- _WORK TO COMPLETE_: Starting at the line below that contains "Chaturbate Adult Webcams of luu_blossom__" and ending at the line that contains "1642 Dufferin Street, Toronto, Ontario", retype each line exactly as it stands, but omit the pictures.

- _ENTRIES PROVIDED_:
---------------

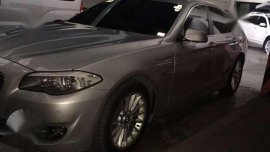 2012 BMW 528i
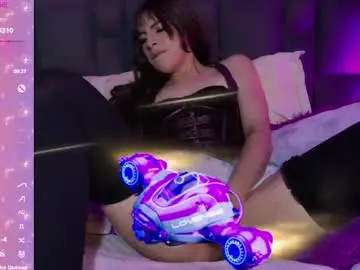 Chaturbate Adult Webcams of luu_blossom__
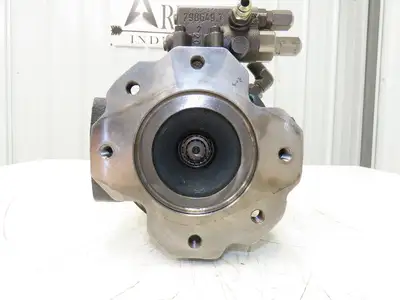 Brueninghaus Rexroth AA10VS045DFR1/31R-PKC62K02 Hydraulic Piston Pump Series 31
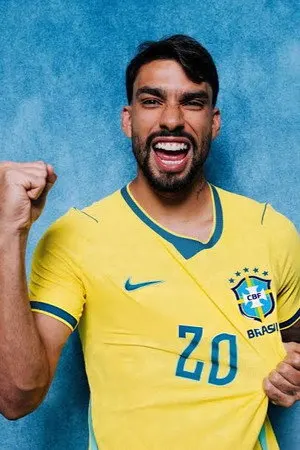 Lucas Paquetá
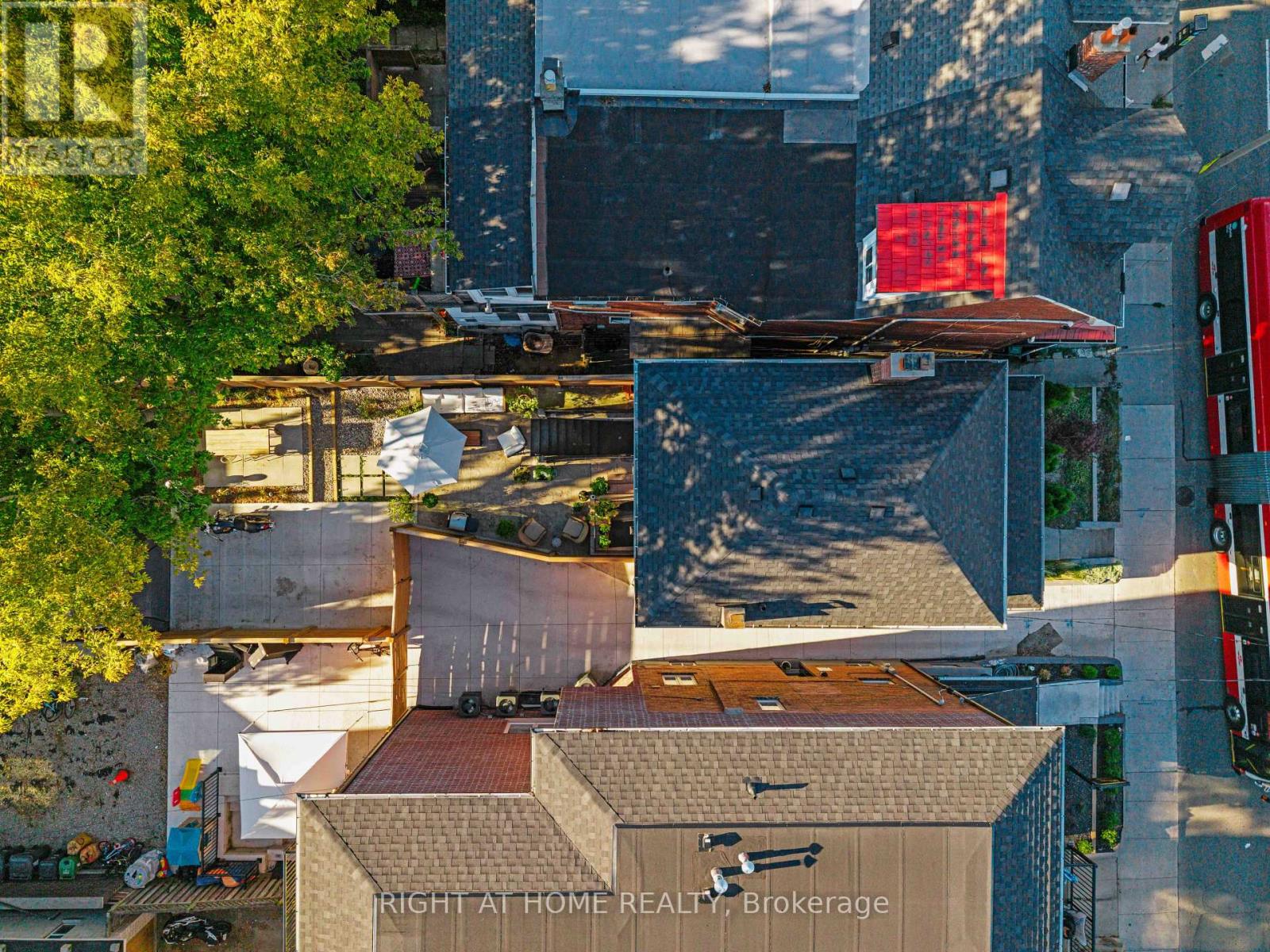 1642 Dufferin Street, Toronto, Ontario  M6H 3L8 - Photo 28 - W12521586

---------------

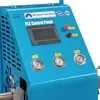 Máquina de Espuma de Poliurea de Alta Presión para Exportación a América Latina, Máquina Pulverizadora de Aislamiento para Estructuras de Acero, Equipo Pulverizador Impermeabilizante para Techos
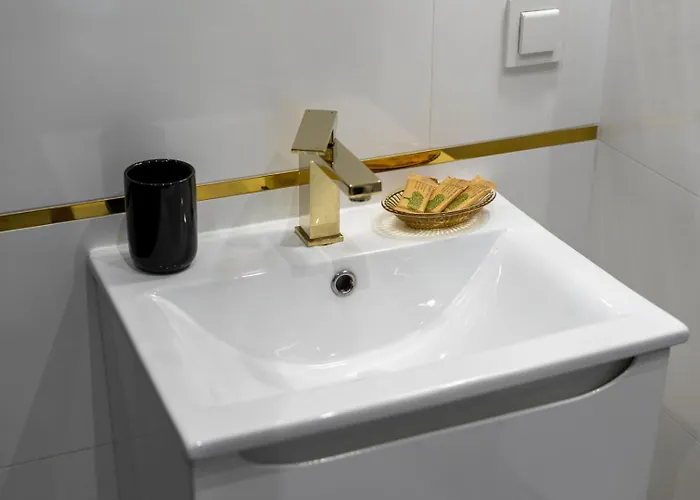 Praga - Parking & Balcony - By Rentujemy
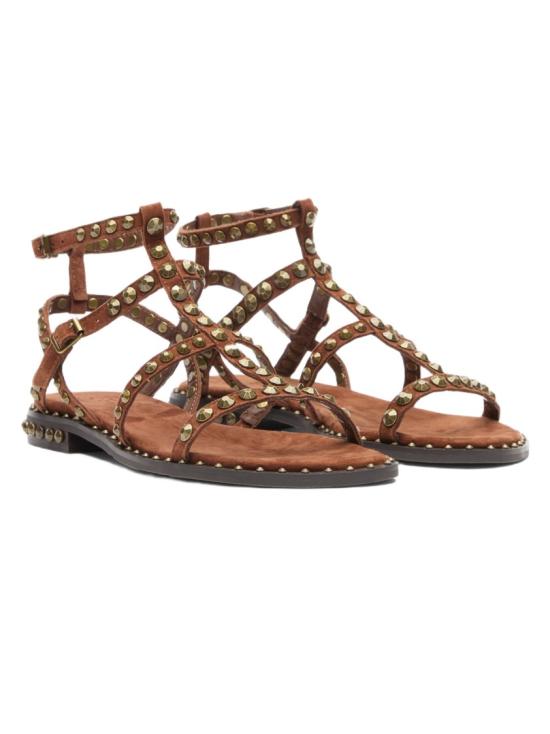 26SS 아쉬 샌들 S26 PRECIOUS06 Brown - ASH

---------------

- _ANSWER SPACE_:
 Chaturbate Adult Webcams of luu_blossom__
 Brueninghaus Rexroth AA10VS045DFR1/31R-PKC62K02 Hydraulic Piston Pump Series 31
 Lucas Paquetá
 1642 Dufferin Street, Toronto, Ontario  M6H 3L8 - Photo 28 - W12521586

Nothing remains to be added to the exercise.